The types of outcomes monitored in Bank Group projects are typically related to the number and volume of accounts and transactions, or in the case of policy and institutional reforms, the change of a regulation or law. Even where there were some measured outcomes, it was often not possible to attribute them to WBG support. Most projects had no basis for linking financial inclusion interventions to any economic or social outcome.

Learning about what works could enhance support for the beneficial use of financial services

Positive exceptions include projects in Indonesia and Pakistan that were subject to outcome or impact studies, and improvements in the monitoring and evaluation of outcomes over the evaluation period in Brazil and Indonesia.
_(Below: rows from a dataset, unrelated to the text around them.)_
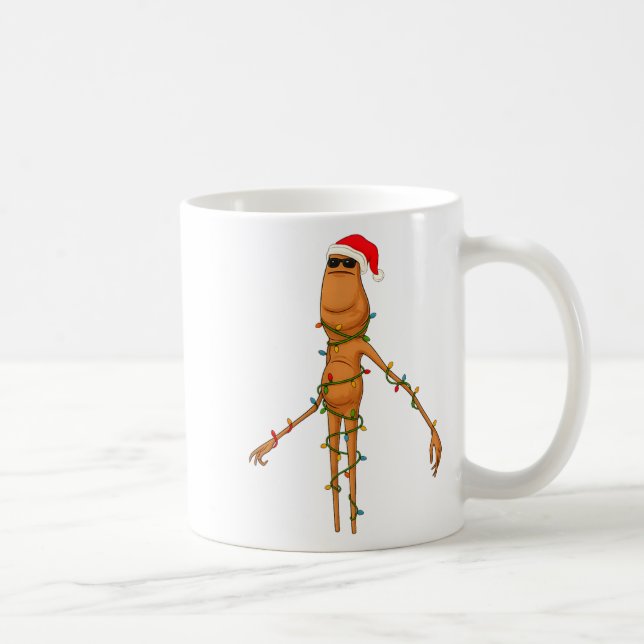 Marcus The Worm, Funny Christmas Lights  Kaffemugg (Höger)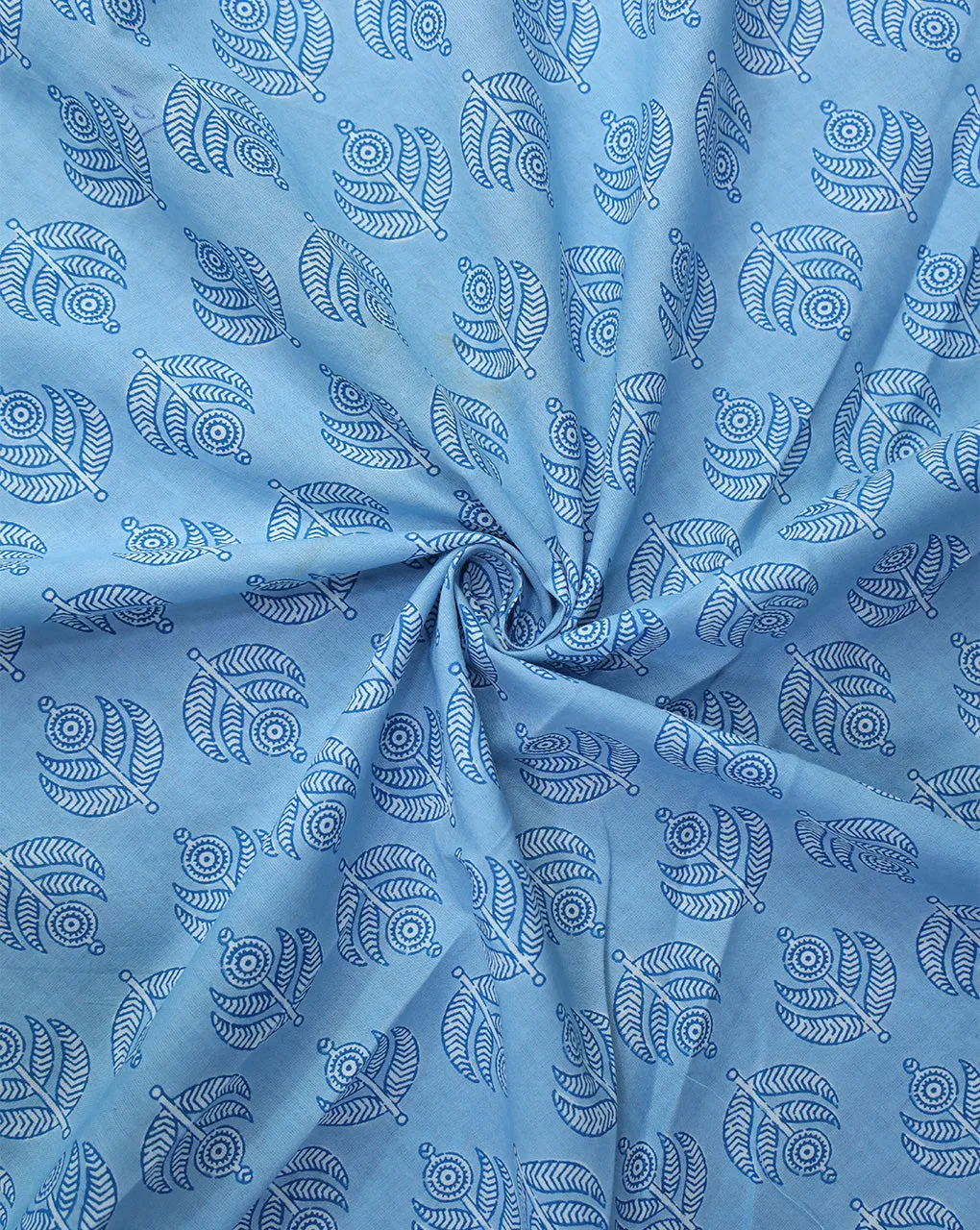 LIGHT BLUE ABSTRACT DESIGN COTTON PRINTED FABRIC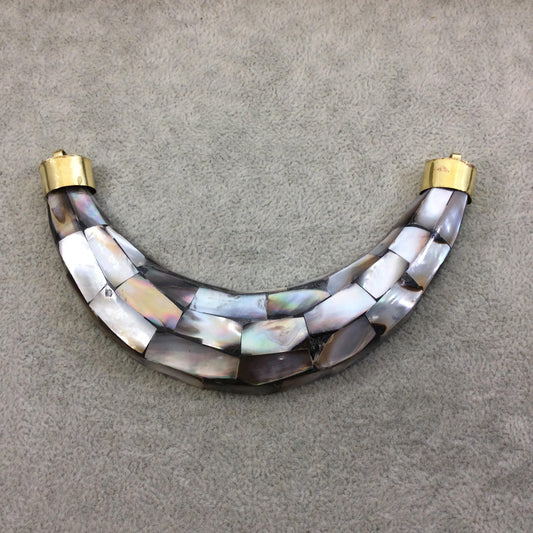 5" Extra Large Gray Abalone Shell Inlaid Double Ended U-Shaped Black Acrylic Focal Pendant - Measuring 124mm x 72mm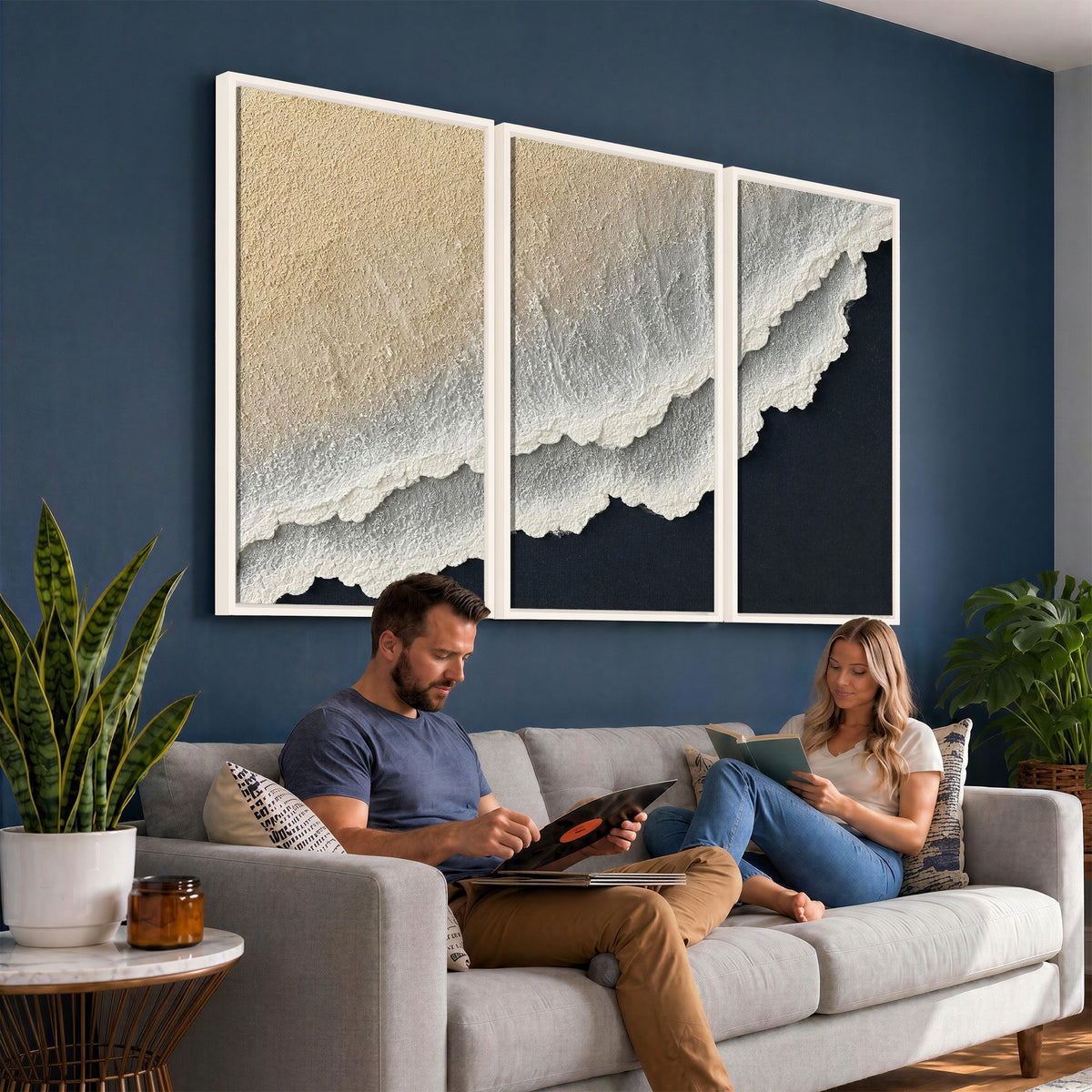 32969959-MGV-CV-24X16 - Abstract Ocean Wave Canvas Wall Art, Coastal Beach Wall Decor for Living Room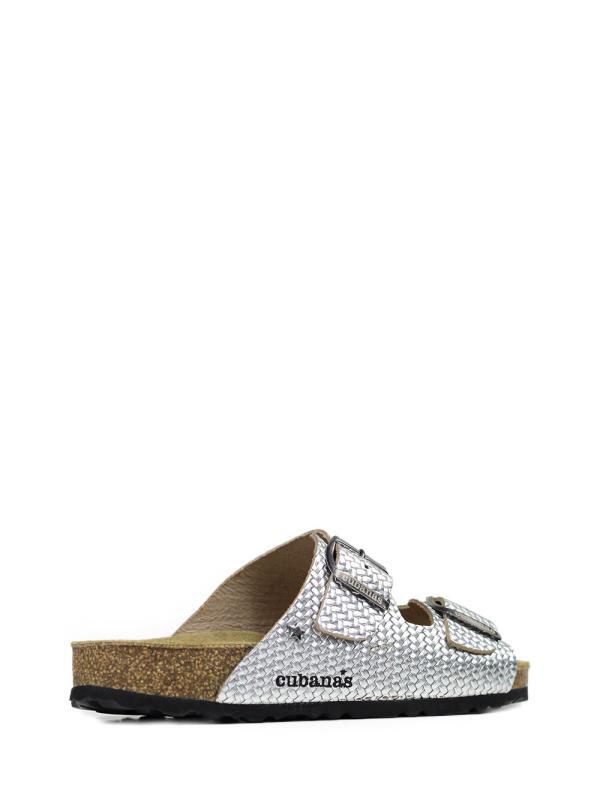 Amalia-Sandal in Silver Textured Leather with Two Straps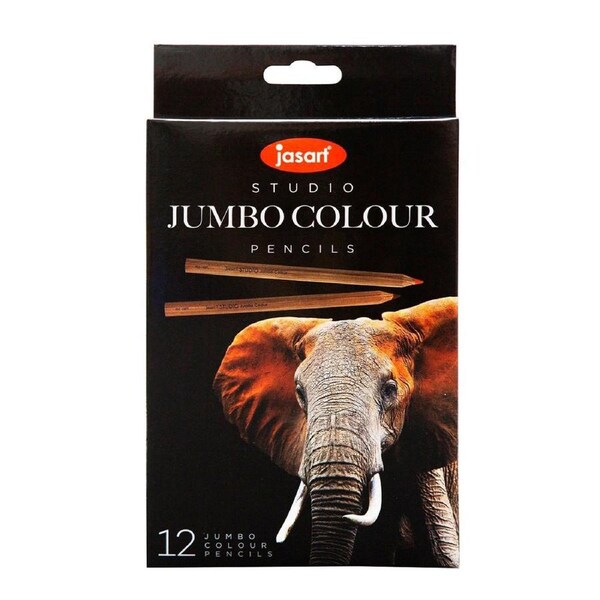 12pc Jasart Studio Jumbo Colour Pencil Set 5.0mm Lead Art Drawing/Sketching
Bangladesh was an exception because outcomes achieved and measured could be linked to activities on which the World Bank had taken the lead. National data such as those in the Global Findex have been very helpful but are insufficiently granular to track changes to project and program effects.

It is important to fill in substantial gaps in evidence for a causal chain between the immediate outputs or intermediate outcomes measured in projects and the higher-level outcomes or impact expressed in the Sustainable Development Goals and by the Bank Group. Since the majority of defined project outcomes concern account access and number of transactions, there is a way to go to align project outcomes with higher-level outcomes, such as higher income, more investment and jobs, and, ultimately, economic and social mobility and poverty alleviation. The Bank Group has an important role to play in ensuring that data are collected at the project and market level to inform research and learning (including evaluation of outcomes and impact) on these links.

For this reason, IEG’s evaluation recommends that, to enhance learning on what works to increase the beneficial use of financial services by MPWEG, the World Bank and IFC should collect outcome data across different underserved and excluded groups, initially on a pilot basis. Further developing Global Findex as a tool to understand financial inclusion outcomes is essential.

Collecting additional data on financial inclusion outcomes more regularly, such as who is benefiting and how they are using and benefiting from services, can improve understanding of which financial inclusion interventions benefit the excluded groups and help people exit poverty. The data would also enhance the Bank Group’s understanding of and empirical research on how to encourage beneficial account use by underserved groups, including women and rural poor people, and how to improve the design of strategies and projects to encourage such beneficial use. In recognition of the challenges and costs of such systematic data collection on financial inclusion, this could be launched initially on a pilot basis for a sample of relevant projects.